An Initiation To Web Scraping (& More)

2019-04-30



Expo Electro at the Philarmonie de Paris, summer 2019


House music was born in Chicago during the early 1980’s, more precisely in the “Warehouse”, the club where DJ Frankie Knuckles invented the style.


Why learn web scraping?

I love electro & house music, and have always wanted to have all the upcoming music festivals (worldwide) effortlessly show up in my Google Calendar, so that I could simply pick my next travel destination according to where the best events would be taking place.

The thing is, since Google’s Public Calendars were depleted1, I haven’t been able to find a practical solution that would allow me to easily (automatically) add (hundreds to thousands of) events to my calendar.

Say, if I wanted to add all the upcoming electro festivals worldwide (hundreds) already listed on my favorite website, I would have to do it manually, and this would take hours if not days.

I had heard about scraping in the past, which allows to quickly extract data from websites, and I knew I could somehow use Google Calendar’s API to add events to my calendar using code. That’s all I needed to get started.


How I went about it:

Step #1: finding reliable, well maintained Events listings 🌍⬅💻🧐
Tools: Google search, friends’ recommendations.
How: I made a shortlist of websites which were fairly important, regularly maintained, with the most events listed and with the most detailed information per event. I ended up choosing one single website.
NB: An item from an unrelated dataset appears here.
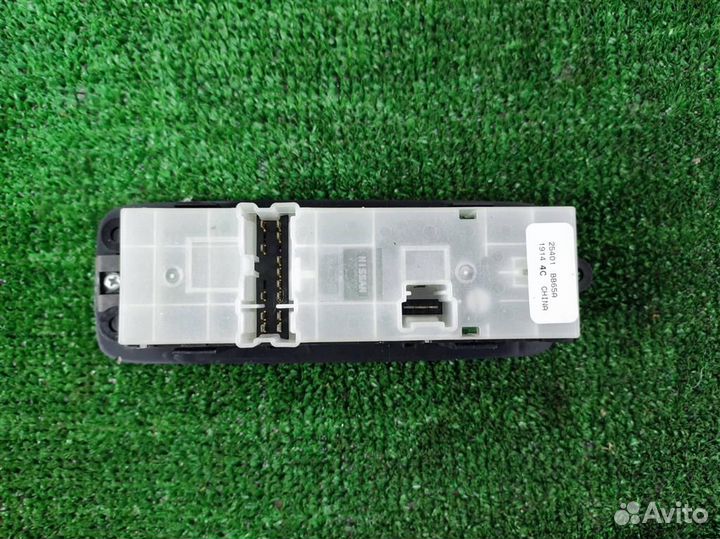 Блок управления стеклоподъемниками Nissan Qashqai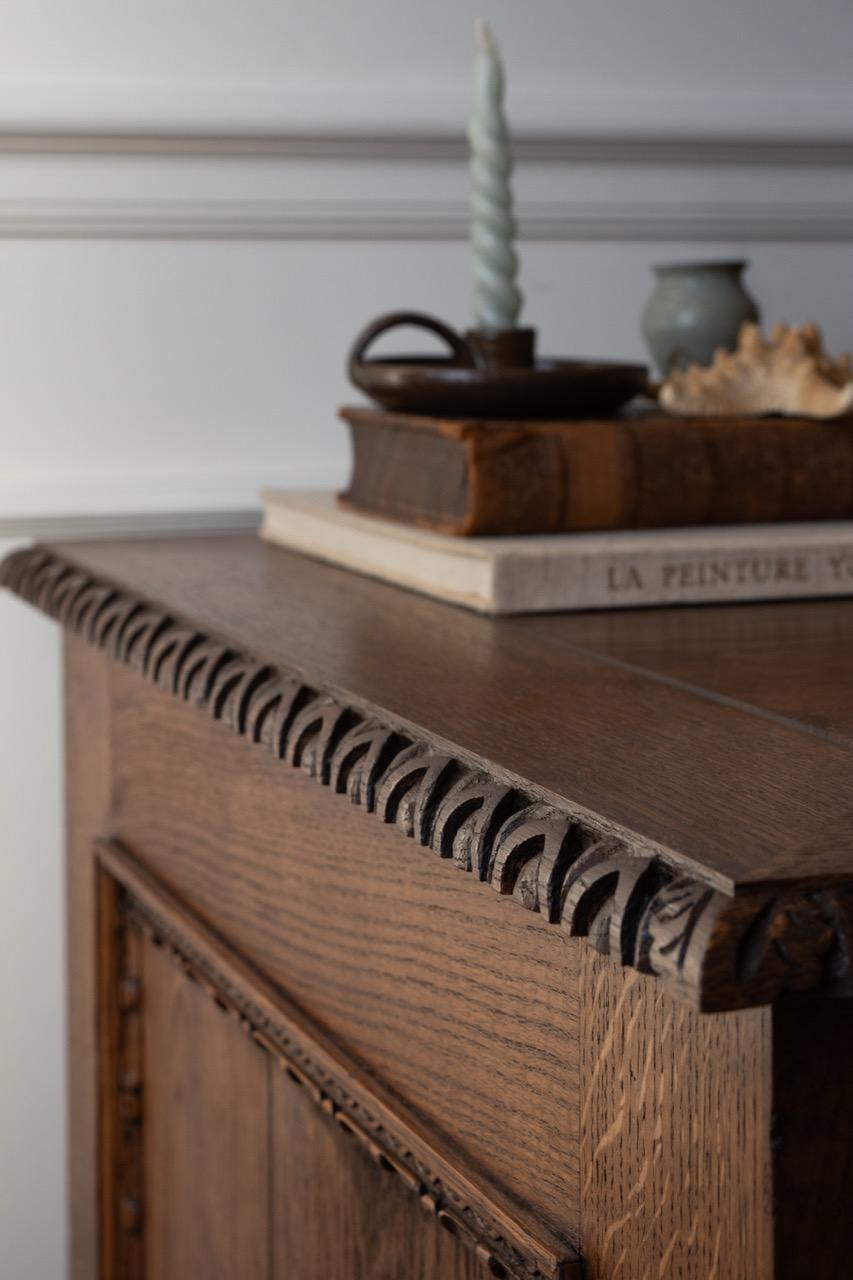 Hand-Carved 19th Century Solid Oak Pedestal Desk In Blend #41 In Excellent Condition For Sale In Partridge Green, GB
Step #2: (respectfully) scraping the Events listing 🌍➡💻🤔
Tools: Python, Scrapy, Virtual Environments.
How: I wrote a Python script using Scrapy, a Python framework which made it easy to extract data about 1500+ events from the above-mentioned Events listings, while storing it all neatly in a csv file, all in just a few seconds.
Note that by respectfully, I mean that some websites do not wish to be scraped, Scrapy automatically pays attention to this by checking the websites’ “robot.txt” file.

Step #3: Adding events from a CSV file to my Google Calendar 📅⬅💻😁
Tools: Python, Pandas, Google Calendar API.
How: I wrote another Python script, this time to extract the data from the csv file and upload it to my Google Calendar using its API (I find the tutorial videos very handy). I also added code to update existing events every time I run the program. Pandas, a Python data analysis library, was extremely convenient to structure and play with the data.




Bottom line:

In just about 2 days, I was able to write code which allows me to fill and easily update a Calendar containing hundreds (1500+) of upcoming electro and deep house festivals worldwide over the next 24 months, which I can easily share with friends.

I now have a clear view of all upcoming festivals and sure am going to pick my next trips according to some of the events I’ll see pop up in my calendar a few weeks to months ahead.

I’ll see how handy this Calendar proves to be, in the meantime I have learnt a lot about Python, scraping and APIs.


1. Google public calendars: somewhere around 2009, unmaintained public user calendars actually brought Google more blame than praise from its users so Google decided to end the project.